Open interest in Nvidia options has eclipsed those tied to the S&P 500 — a development that one derivatives-market expert called ‘very unusual’
Nvidia Corp. shares could be in for a wild ride on Friday, as trading in contracts tied to the highflying chip maker has surged ahead of a record-setting June “triple witching” expiration.
Recently, investors have piled into bullish bets tied to Nvidia NVDA, +3.51% at a near-unprecedented pace, sending open interest on Nvidia call options above that of similar contracts tied to the S&P 500 SPX and a popular ETF that tracks the large-cap index, according to SpotGamma data.
Nvidia’s 10-for-1 stock split last week, along with the fact that its weighting in the $71 billion Technology Select Sector SPDR ETF XLK is expected to substantially increase via a rebalancing Friday, have helped to supercharge interest in bullish bets on the stock. Typically, monthly options expirations coincide with higher volume and choppier trade.

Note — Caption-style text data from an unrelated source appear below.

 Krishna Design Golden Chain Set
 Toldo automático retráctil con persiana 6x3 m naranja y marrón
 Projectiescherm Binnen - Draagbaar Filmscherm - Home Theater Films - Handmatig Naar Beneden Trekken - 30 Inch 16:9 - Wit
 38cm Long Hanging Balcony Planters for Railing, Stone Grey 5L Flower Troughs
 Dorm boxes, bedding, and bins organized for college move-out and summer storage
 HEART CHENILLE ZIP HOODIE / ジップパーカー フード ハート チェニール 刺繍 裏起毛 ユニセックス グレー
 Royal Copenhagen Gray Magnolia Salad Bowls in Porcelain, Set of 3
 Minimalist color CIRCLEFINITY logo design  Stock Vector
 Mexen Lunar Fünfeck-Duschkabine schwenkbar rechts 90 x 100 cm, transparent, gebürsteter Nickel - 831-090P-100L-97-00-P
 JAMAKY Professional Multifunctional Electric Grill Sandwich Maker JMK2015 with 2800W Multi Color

Buying Nvidia calls has become an increasingly popular trade over the past year due to the stock’s well-earned reputation as a reliable moneymaker. Nvidia shares have soared nearly 800% since the end of 2022, according to FactSet data.
“It seems like it doesn’t take much to get people to buy calls on Nvidia,” said Danny Kirsch, head of options at Piper Sandler, in an interview with MarketWatch. “It’s a little bit like Pavlov’s dog. The more you do it, the more money you seem to be making. So why would you stop?”
Nvidia options expire every week on Friday, but weeks where monthly options expire typically see higher volume and open interest, SpotGamma data show.
In addition to Nvidia options, monthly and weekly contracts tied to other individual stocks, indexes and ETFs will also expire on Friday, along with futures contracts tied to equity indexes like the S&P 500. The name “triple witching” is a reference to the fact that once a quarter, options tied to individual stocks, indexes and ETFs along with index futures all expire on the same day.
Roughly one-third of outstanding options tied to Nvidia are set to expire on Friday, according to data from SpotGamma. Furthermore, the scramble has pushed open interest on Nvidia options higher than the open interest on S&P 500 index options and options tied to the SPDR S&P 500 Trust ETF SPY, a situation that SpotGamma founder Brent Kochuba described as “very unusual.”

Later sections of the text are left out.